**Problem:**
The result should be the line with "Волна по релизу" followed by every remaining line of the entries, each reproduced exactly, with nothing else.

Scraped caption text data
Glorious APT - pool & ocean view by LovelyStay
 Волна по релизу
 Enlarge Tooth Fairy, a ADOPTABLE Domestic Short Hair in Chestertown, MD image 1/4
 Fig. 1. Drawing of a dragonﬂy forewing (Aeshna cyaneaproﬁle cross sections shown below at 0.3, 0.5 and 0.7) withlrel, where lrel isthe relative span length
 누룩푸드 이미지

**Written answer:**
 Волна по релизу
 Enlarge Tooth Fairy, a ADOPTABLE Domestic Short Hair in Chestertown, MD image 1/4
 Fig. 1. Drawing of a dragonﬂy forewing (Aeshna cyaneaproﬁle cross sections shown below at 0.3, 0.5 and 0.7) withlrel, where lrel isthe relative span length
 누룩푸드 이미지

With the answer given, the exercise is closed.